As someone who had not previously served in any of our nine US-located diplomatic missions (although I did spend the summer of 1974 in Kansas City as a J1 student), my exploration of Irish America has been both a revelation and a joy. Although there are those who believe that Irish America is in decline as successive generations feel less of a connection with Ireland, on the contrary I have been buoyed by the continued interest in, and affection for, Ireland on the part of those Irish Americans I have met in the course of my official engagements right across the United States.
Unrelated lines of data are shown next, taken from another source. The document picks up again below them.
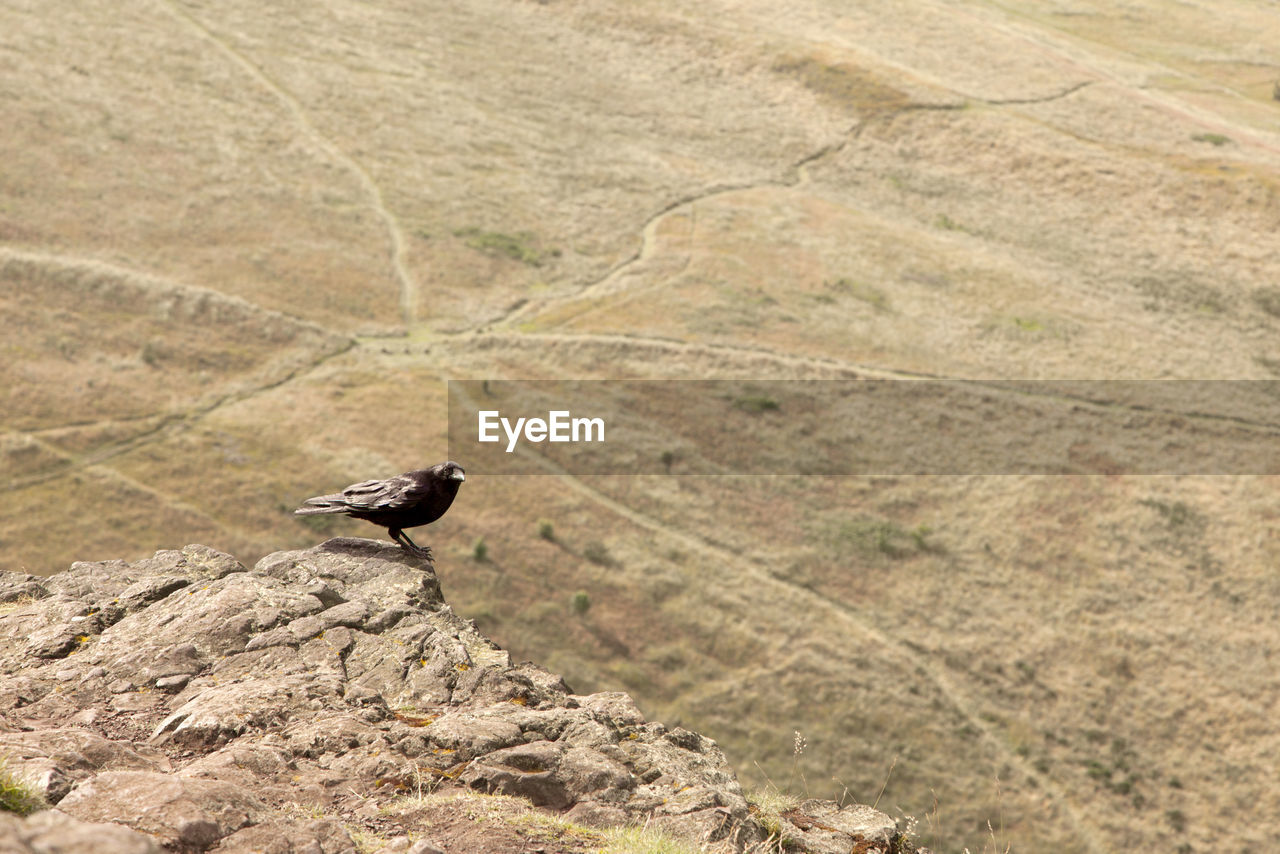 Bird perching on rock over landscape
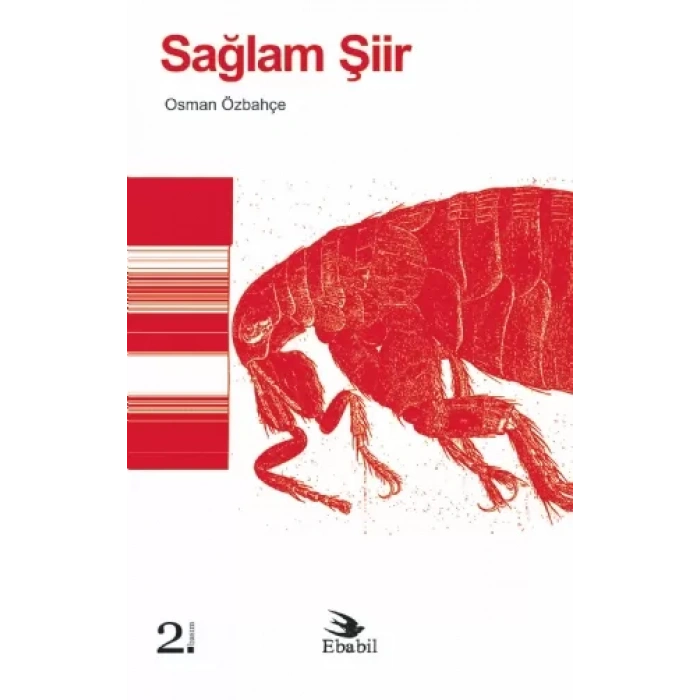 Sağlam Şiir (Eleştiri)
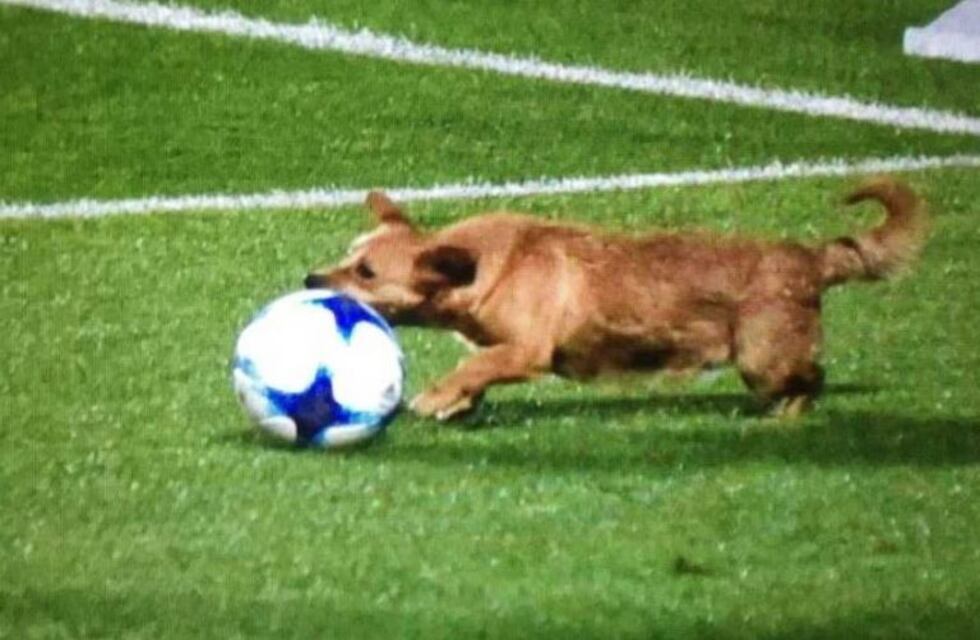 Un perro se metió al césped del Nuevo Gasómetro y demostró su habilidad con la pelota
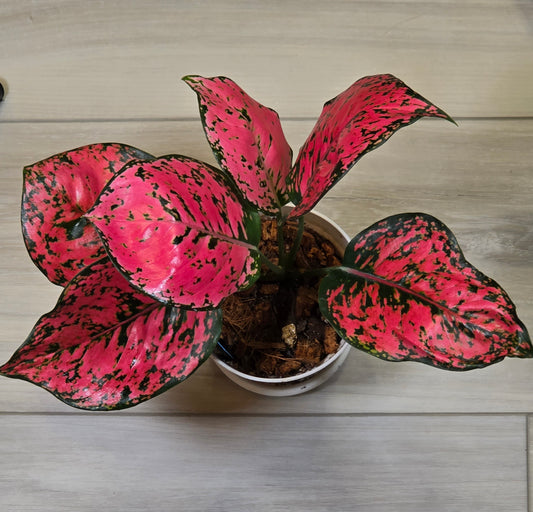 Aglaonema Kamkoon #450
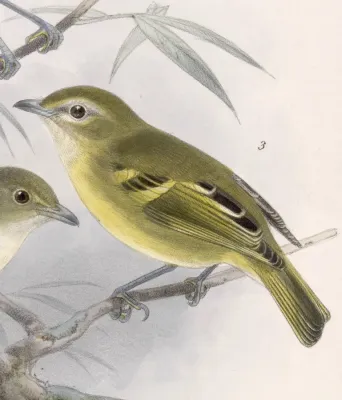 File:Vireo carmioli 1902.jpg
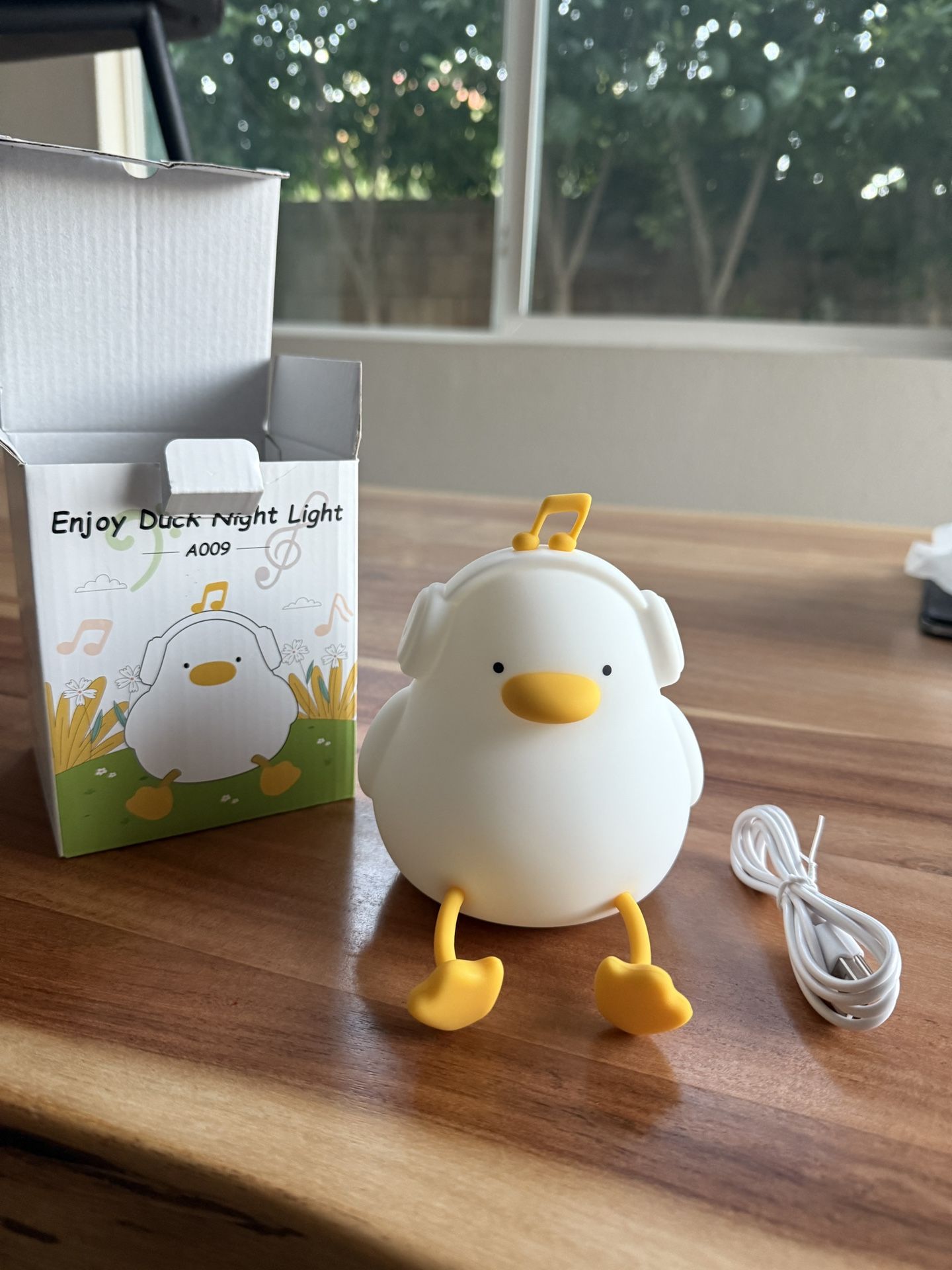 Duck Night Light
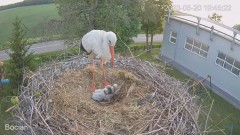 2023-05-20 22_45_21-#Bociany na żywo - #kamera na #gniazdo #Zambrow #WhiteStork #nest #livecam #ptak.jpg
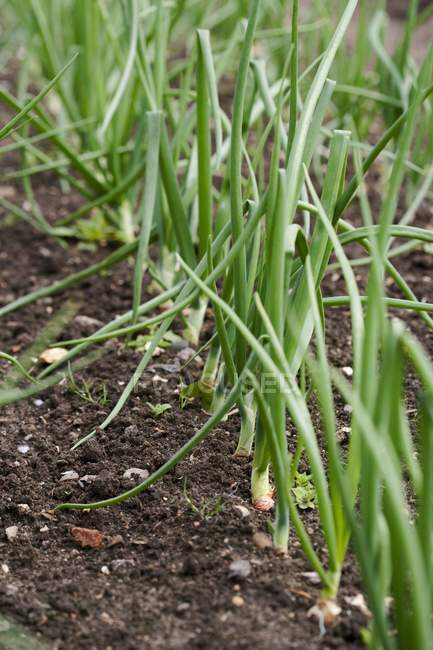 Knoblauchpflanzen im Gemüsebeet. — Stockfoto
A question that has intrigued me is how this Irish heritage has been transferred down the generations so that Americans I meet whose Irish roots are often to be found in the Ireland of the 1840s and 1850s continue to cherish an association with their ancestral homeland. As, I suspect, most Irish people, I have only the dimmest appreciation of my own ancestral background beyond the three grandparents in whose presence my earliest memories were created. By contrast, many Irish Americans can name the Irish counties and even the villages from which their nineteenth-century Irish-born ancestors came.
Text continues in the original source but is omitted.